E infatti, anche se il conduttore di Report l’ha fatta grossa, e ora gli hanno dato il “ben servito”, gli fanno scegliere altre mansioni/trasmissioni,,, non sappiamo se con l'impegno di non fare come faceva con Report. Ci immaginiamo un dirigente di un’app, di quelli che fanno cose straordinarie per visibilità e guadagni dell’azienda, che - fatto qualcosa di storto - viene dalla mattina alla sera buttato fuori. O anche un operaio “cipputi” qualunque che ha creato problemi alla catena di montaggio, diritti sindacali rispettati, non ci pensano due volte prima di buttarlo fuori. No. quando sei in Rai sei come quei politici che fanno anche crollare i ponti, ma poi continuano ad amministrare. E puoi avere anche amici che, a tua insaputa, pensano a farti diventare più importante/determinante.
Si dice “mamma Rai” al pari di “Stato mamma o babbo”. Ed è proprio così. Puoi fare le cose più terribili, e anche se qualche volta ti buttano fuori poi ti riprendono pagando anche di più… “I figli... so' pezzi 'e core”.
Tutto questo lo paghiamo col canone, l’imposta obbligatoria per chi possiede un tv collegato al digitale terrestre.
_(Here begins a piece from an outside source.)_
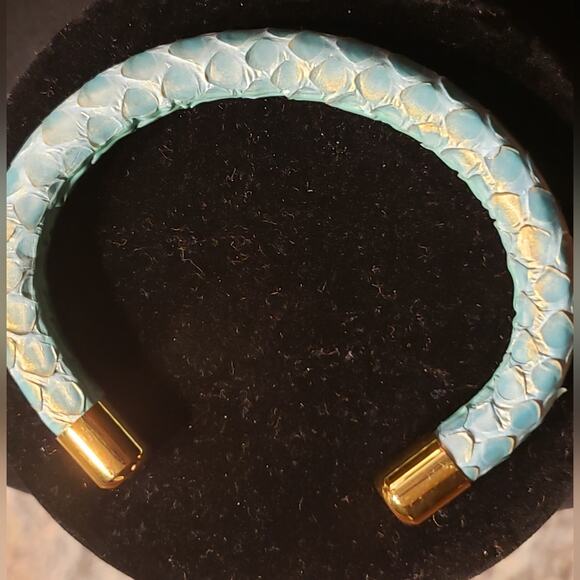 Rustic Cuff-Sheila Metalic sea‎ foam snakeskin cuff bracelet - Picture 1 of 4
Indipendentemente dalla valutazione che ognuno possa fare del servizio pubblico che faceva Sigfrido nazionale, forse è il caso che ognuno rifletta sul proprio apporto a questa macchina di informazione ed intrattenimento. Ci rendiamo conto che quelli che reputano questo servizio eccellente sarebbero meno disposti a fare queste valutazioni, ma il caso, oltre a fare l’uomo ladro, potrebbe farlo anche saggio.
Tanto, le vicende su Sigfrido nazionale, nonchè le trasmissioni e la pubblicità dei colleghi del nostro, sono ovunque, anche sulla stessa Rai che trasmette in streaming in Internet.
Sarebbe una sorta di operazione di pulizia personale, ché soldi di ognuno o meno, quelli per pagare queste vicende non verrebbero a mancare. Ma forse, sentirsi più liberi e meno coinvolti (e il portafogli coinvolge, sempre), aiuterebbe a stare meglio.